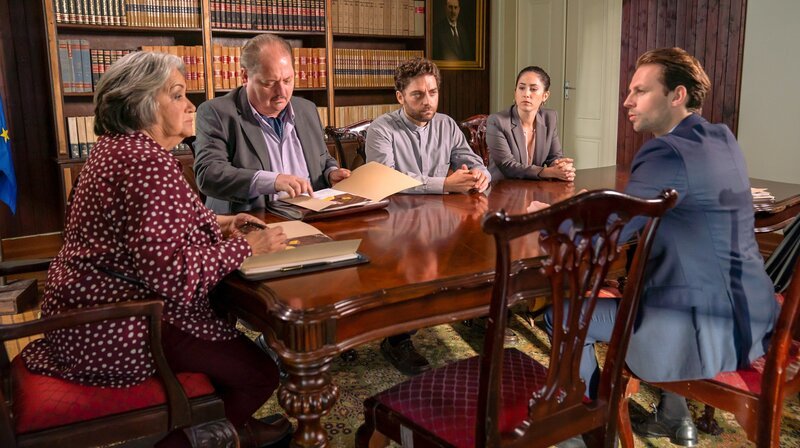 Richterin Fonseca (Márcia Breia, li.) bei der Vernehmung von Padre Chrístovāo Lima (Timur Isik, Mitte) mit Staatsanwalt Tavares (Orestes Fiedler, re.), Verteidiger Silva (Jürgen Tarrach) und Marcia (Vidina Popov). – Bild: ORF/​Degeto/​Armanda Claro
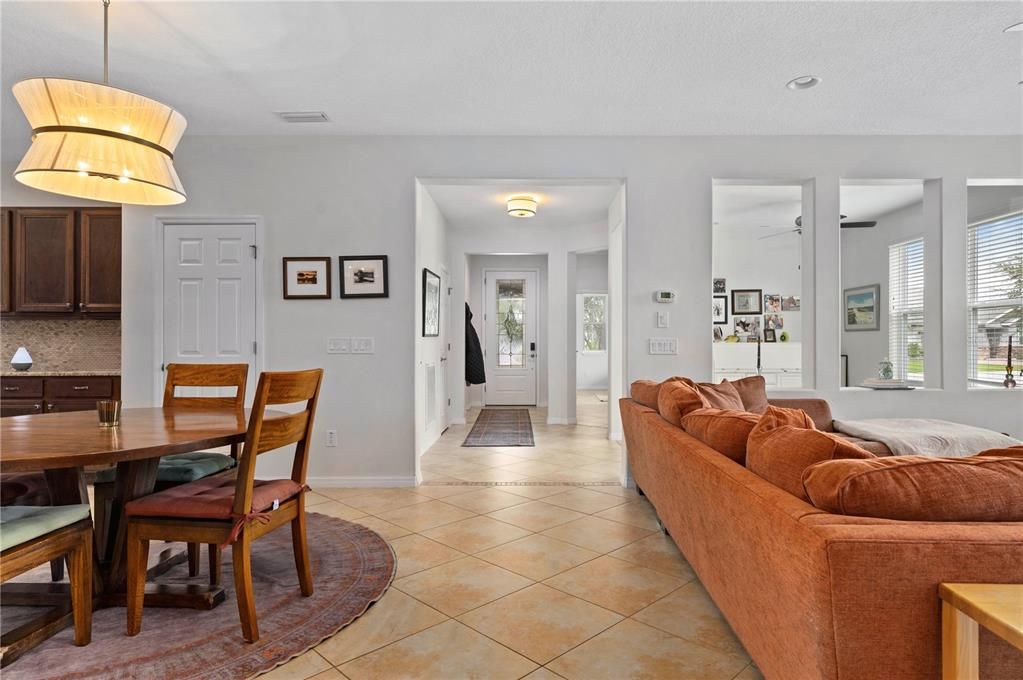 For Sale: $365,000 (2 beds, 2 baths, 1869 Square Feet)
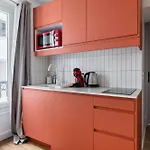 Grand Studio Refait A Neuf Paris 16 - 4P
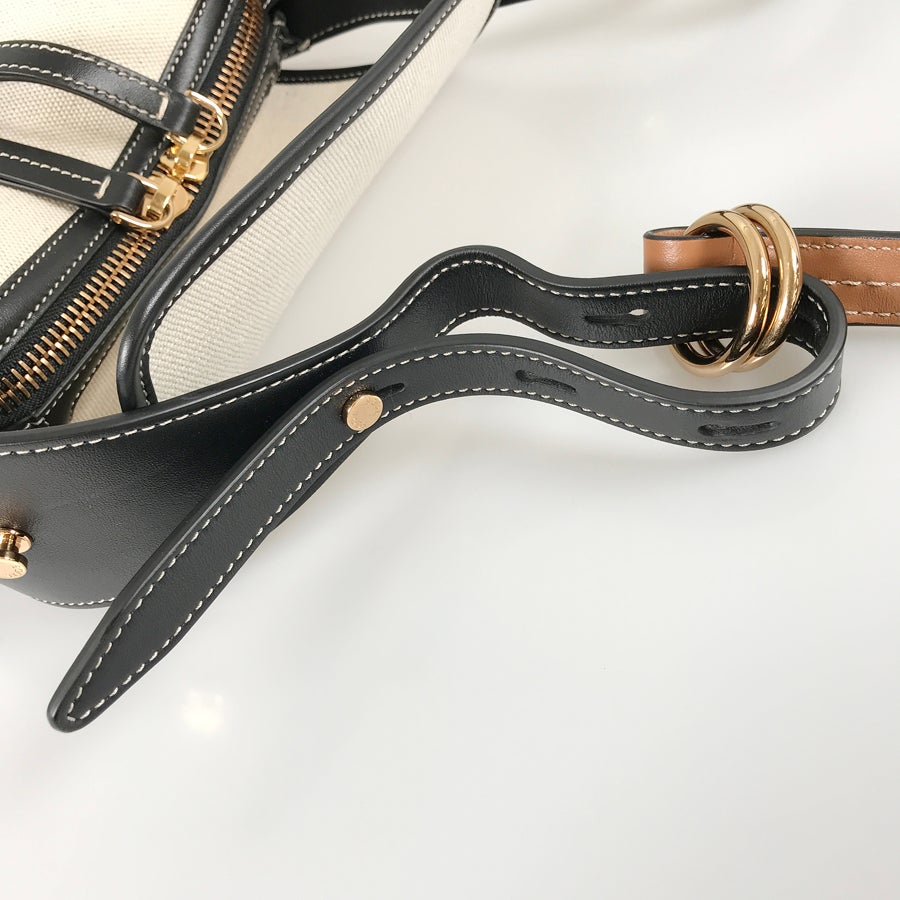 トッズ ショルダーバッグ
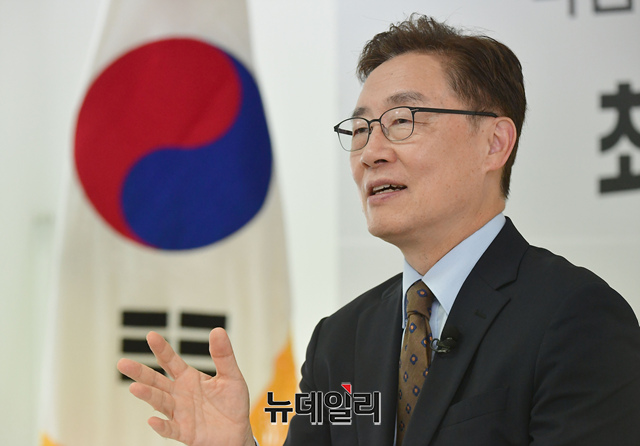 ▲ 최재형 국민의힘 대선 예비후보가 지난 24일 오전 서울 여의도 대하빌딩 캠프에서 본지와 인터뷰를 하고 있다.ⓒ이종현 기자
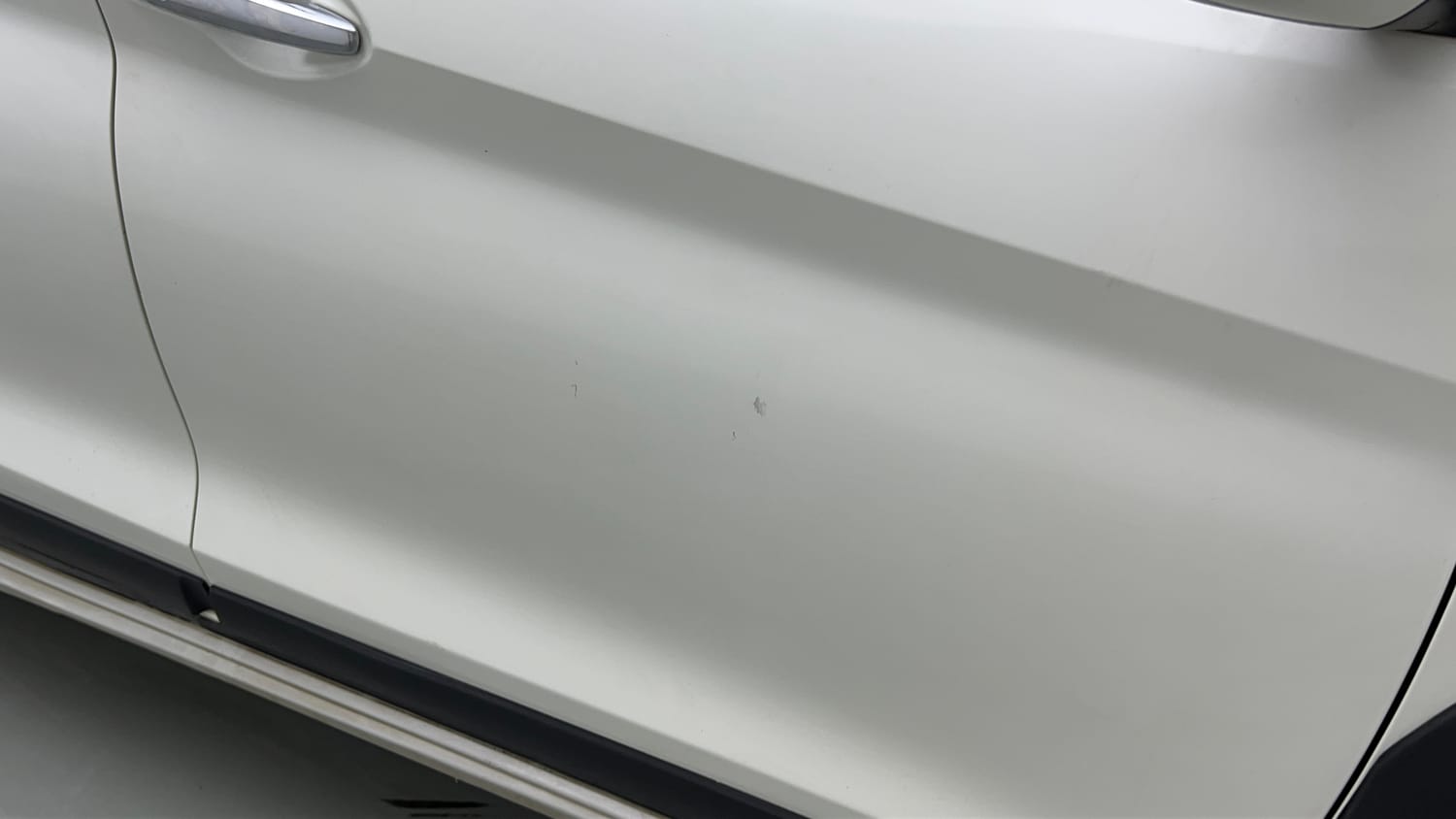 Used 2023 Maruti Suzuki XL6 Zeta MT CNG Cng Manual dents MINOR SCRATCH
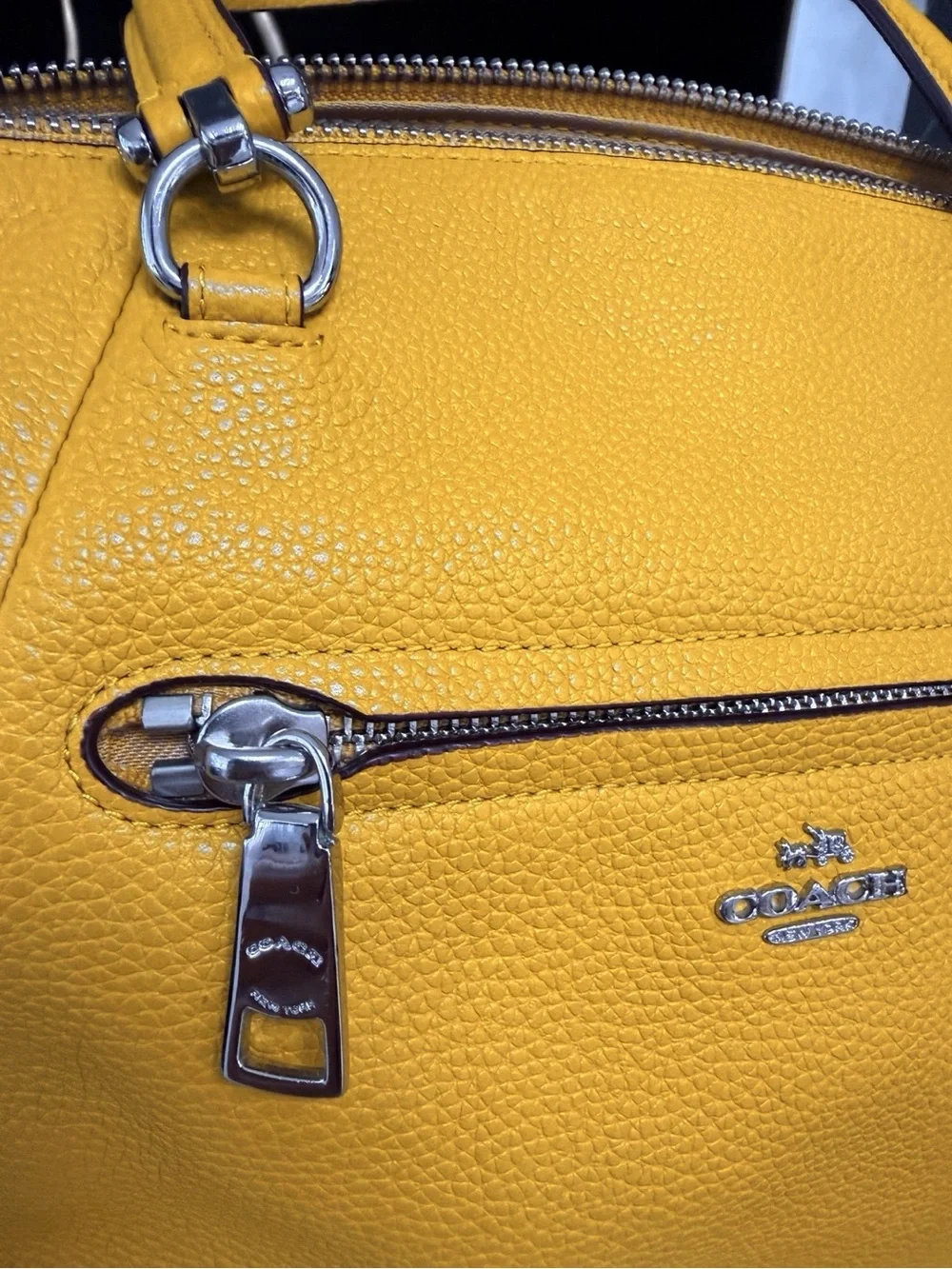 Coach beautiful prairie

---*---

## EXERCISE AIM
Retype the listing above exactly. Pictures are not part of the copy.

## OUTPUT
 Richterin Fonseca (Márcia Breia, li.) bei der Vernehmung von Padre Chrístovāo Lima (Timur Isik, Mitte) mit Staatsanwalt Tavares (Orestes Fiedler, re.), Verteidiger Silva (Jürgen Tarrach) und Marcia (Vidina Popov). – Bild: ORF/​Degeto/​Armanda Claro
 For Sale: $365,000 (2 beds, 2 baths, 1869 Square Feet)
 Grand Studio Refait A Neuf Paris 16 - 4P
 トッズ ショルダーバッグ
 ▲ 최재형 국민의힘 대선 예비후보가 지난 24일 오전 서울 여의도 대하빌딩 캠프에서 본지와 인터뷰를 하고 있다.ⓒ이종현 기자
 Used 2023 Maruti Suzuki XL6 Zeta MT CNG Cng Manual dents MINOR SCRATCH
 Coach beautiful prairie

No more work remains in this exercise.